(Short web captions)
════════
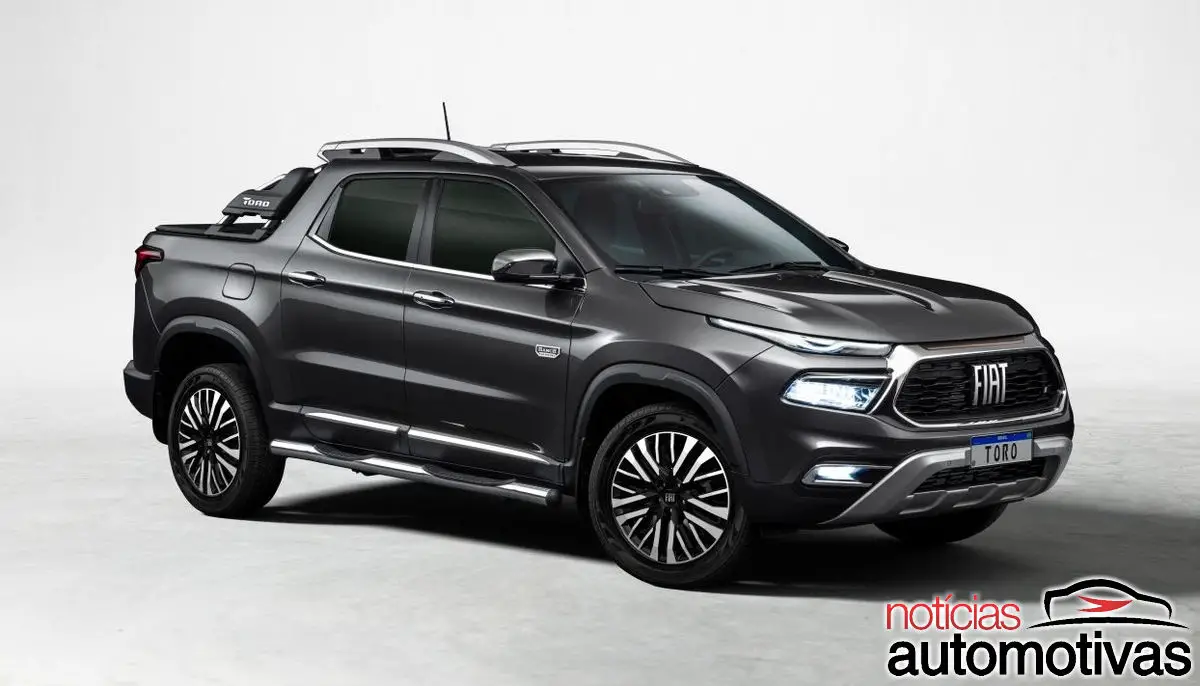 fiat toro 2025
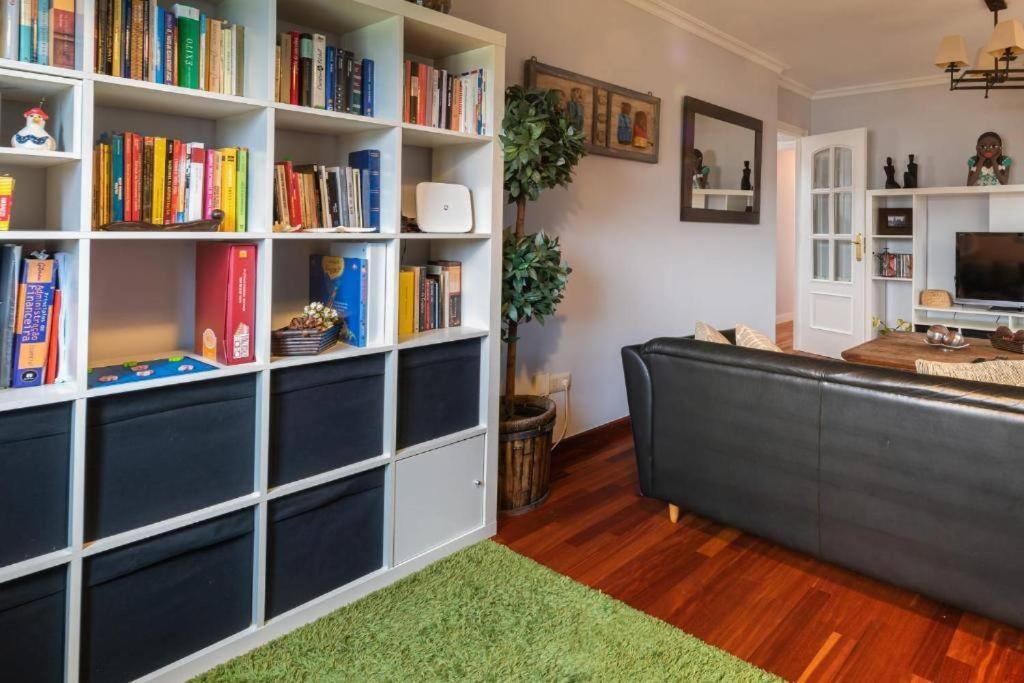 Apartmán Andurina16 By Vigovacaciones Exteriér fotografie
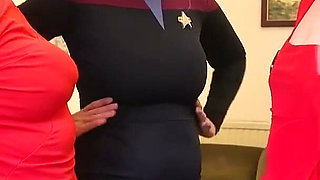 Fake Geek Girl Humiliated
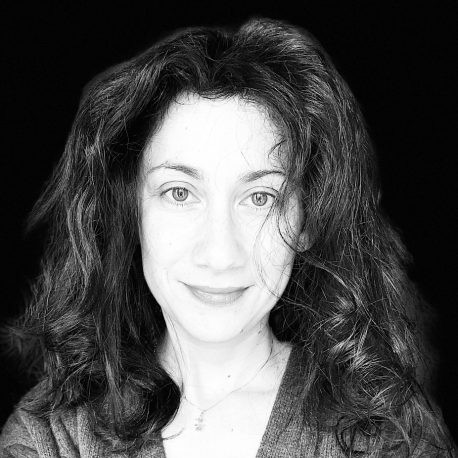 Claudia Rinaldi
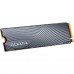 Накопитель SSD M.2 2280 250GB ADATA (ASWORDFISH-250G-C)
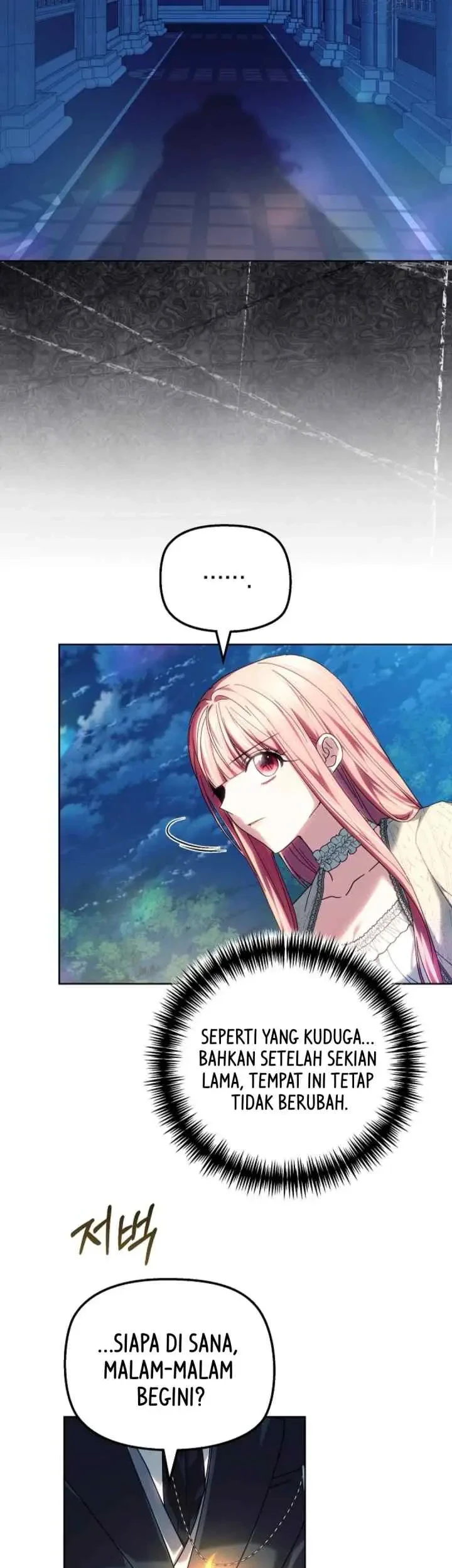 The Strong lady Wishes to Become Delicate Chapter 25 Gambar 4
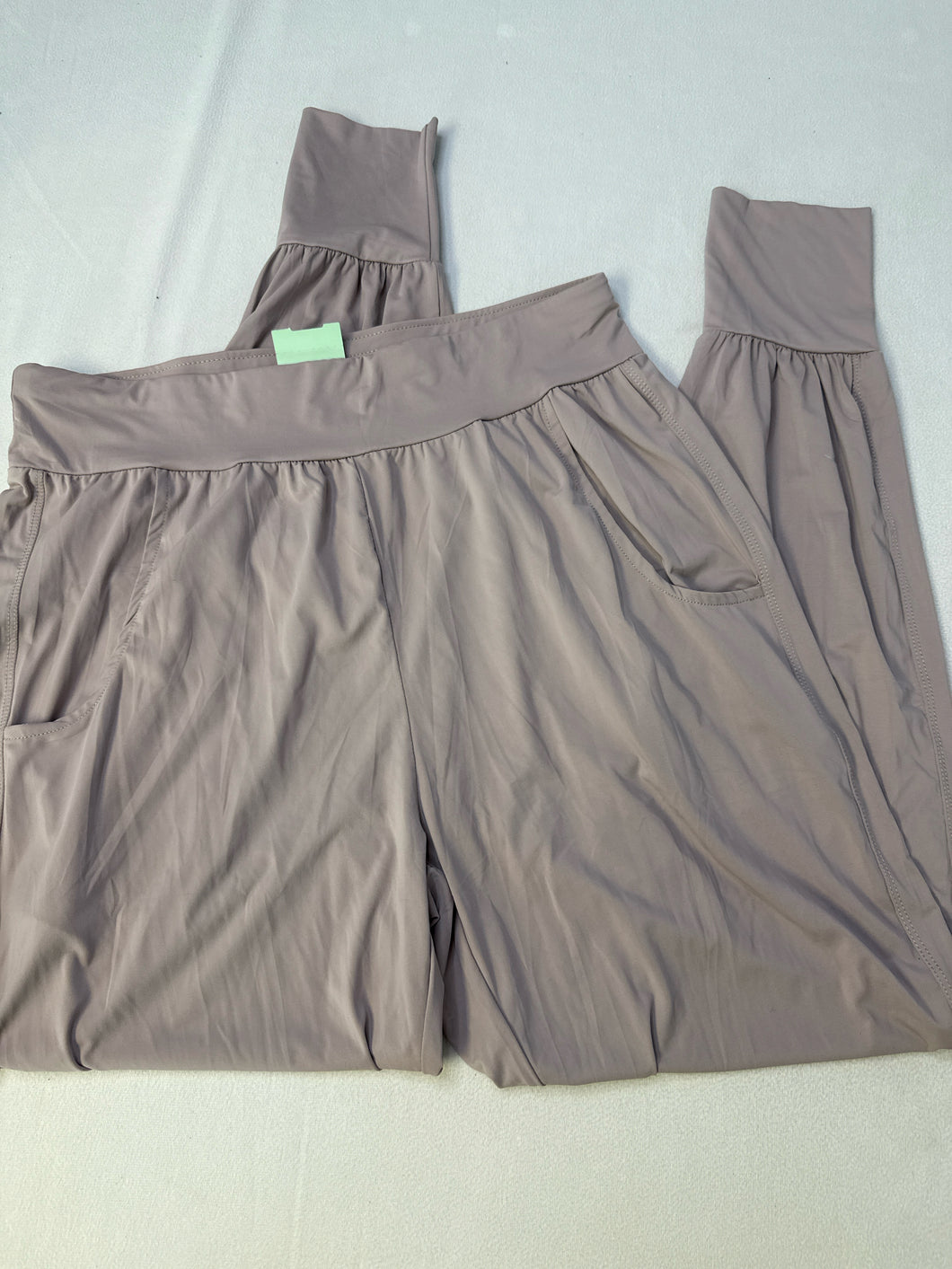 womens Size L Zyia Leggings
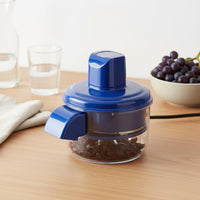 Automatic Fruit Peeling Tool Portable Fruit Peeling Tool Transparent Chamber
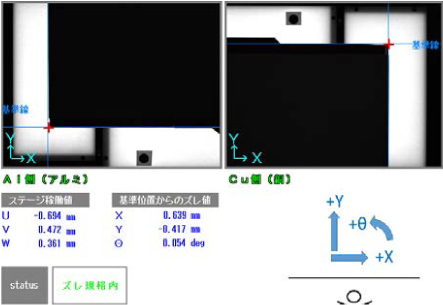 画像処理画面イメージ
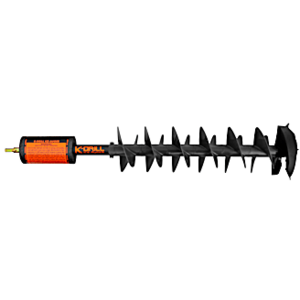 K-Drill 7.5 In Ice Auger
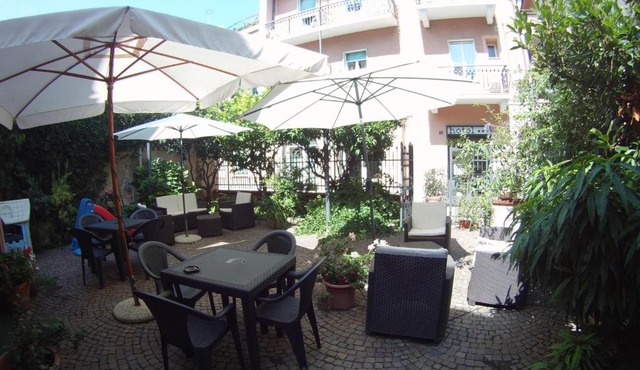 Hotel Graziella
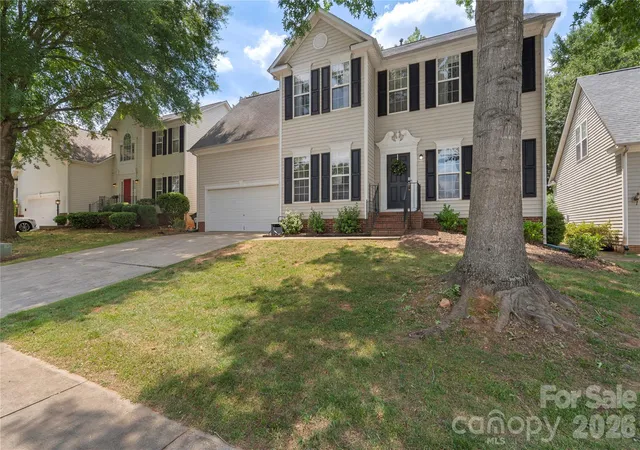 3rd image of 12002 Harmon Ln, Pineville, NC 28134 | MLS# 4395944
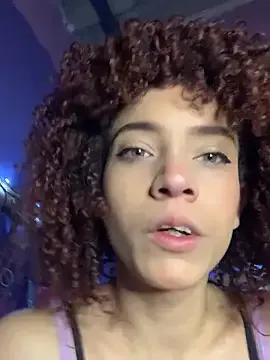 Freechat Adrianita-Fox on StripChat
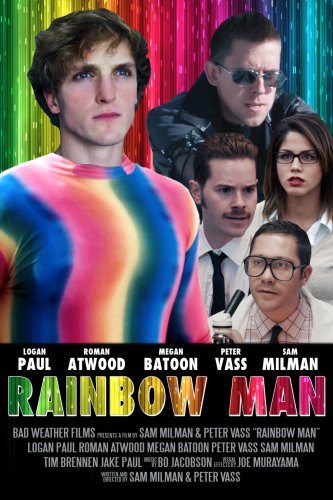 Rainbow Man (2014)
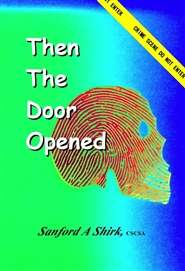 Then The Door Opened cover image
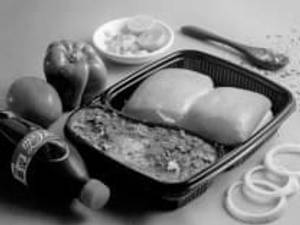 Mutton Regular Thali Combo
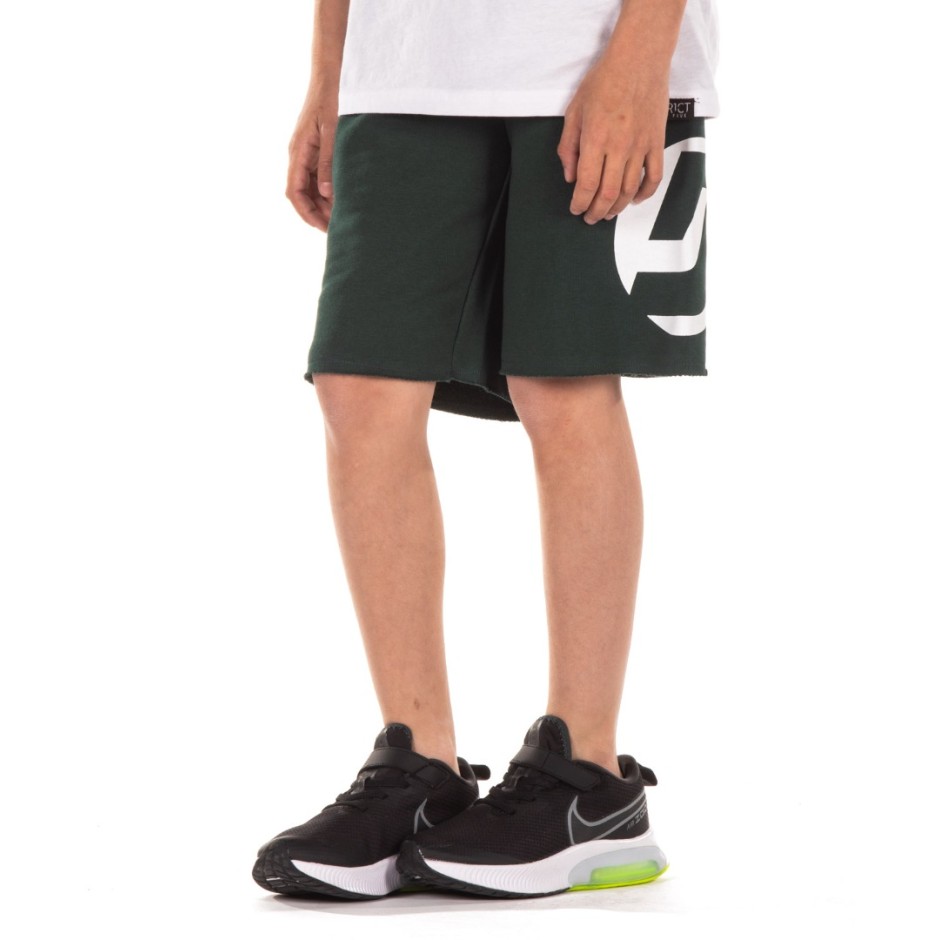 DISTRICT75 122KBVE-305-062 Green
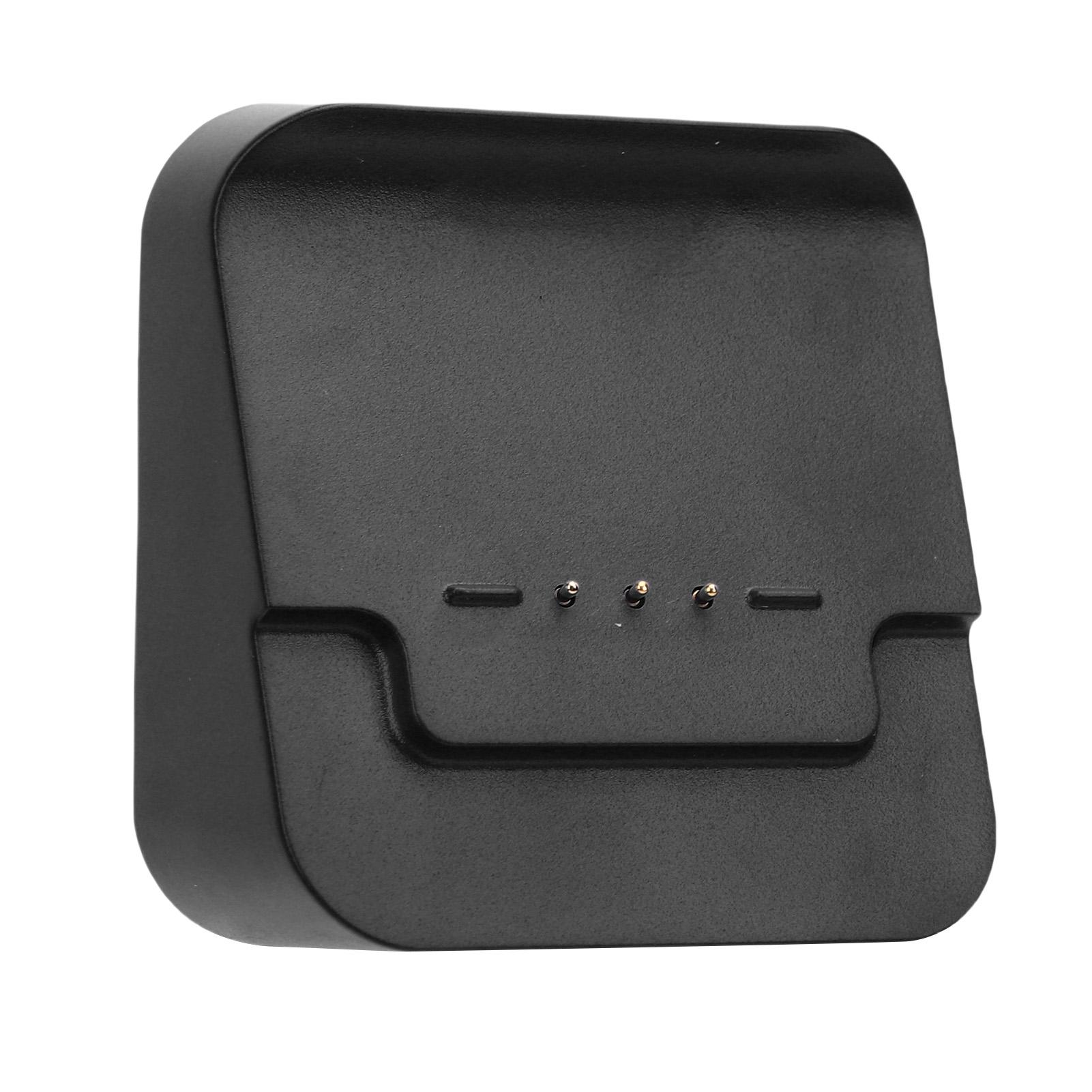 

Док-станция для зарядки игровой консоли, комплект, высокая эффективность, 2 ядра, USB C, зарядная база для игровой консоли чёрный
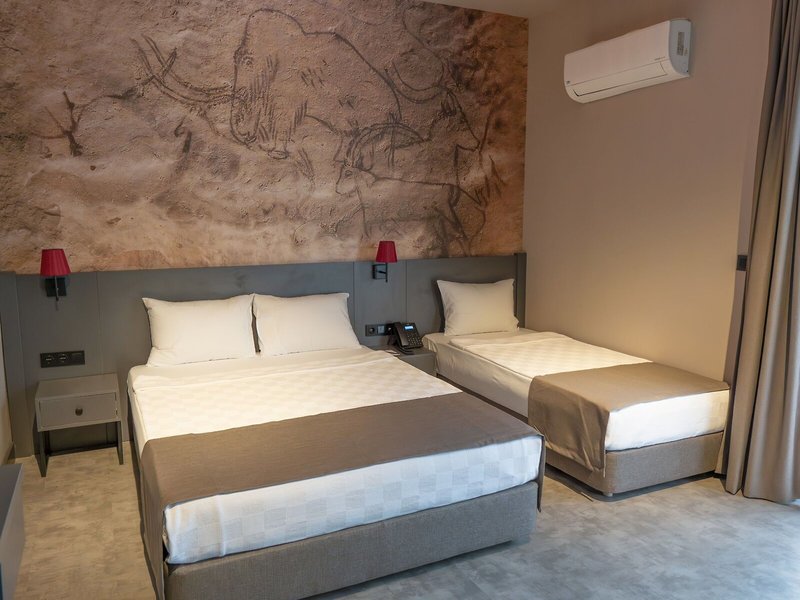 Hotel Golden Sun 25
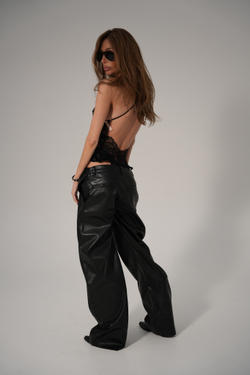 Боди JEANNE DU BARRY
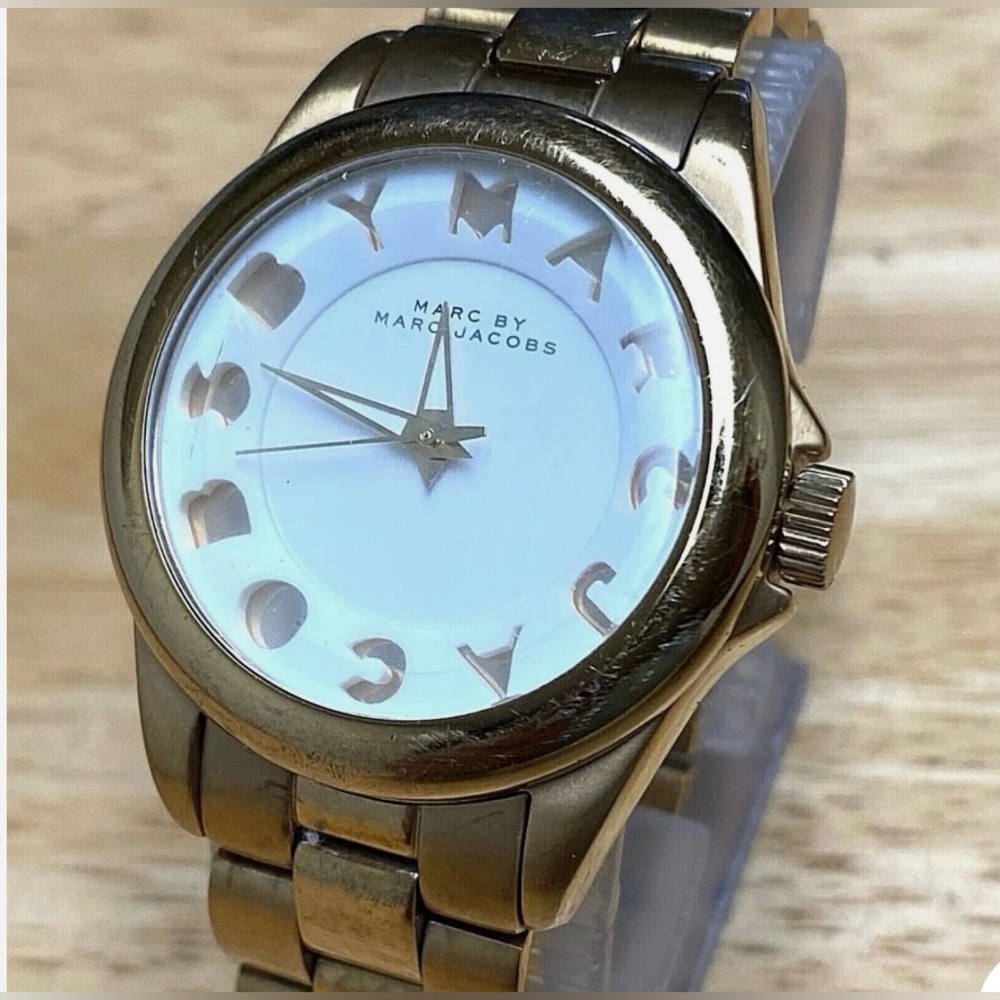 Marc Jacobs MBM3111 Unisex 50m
════════
Your task
The data is to be returned exactly as it stands, pictures aside.

Answer to the problem
 fiat toro 2025
 Apartmán Andurina16 By Vigovacaciones Exteriér fotografie
 Fake Geek Girl Humiliated
 Claudia Rinaldi
 Накопитель SSD M.2 2280 250GB ADATA (ASWORDFISH-250G-C)
 The Strong lady Wishes to Become Delicate Chapter 25 Gambar 4
 womens Size L Zyia Leggings
 Automatic Fruit Peeling Tool Portable Fruit Peeling Tool Transparent Chamber
 画像処理画面イメージ
 K-Drill 7.5 In Ice Auger
 Hotel Graziella
 3rd image of 12002 Harmon Ln, Pineville, NC 28134 | MLS# 4395944
 Freechat Adrianita-Fox on StripChat
 Rainbow Man (2014)
 Then The Door Opened cover image
 Mutton Regular Thali Combo
 DISTRICT75 122KBVE-305-062 Green

Док-станция для зарядки игровой консоли, комплект, высокая эффективность, 2 ядра, USB C, зарядная база для игровой консоли чёрный
 Hotel Golden Sun 25
 Боди JEANNE DU BARRY
 Marc Jacobs MBM3111 Unisex 50m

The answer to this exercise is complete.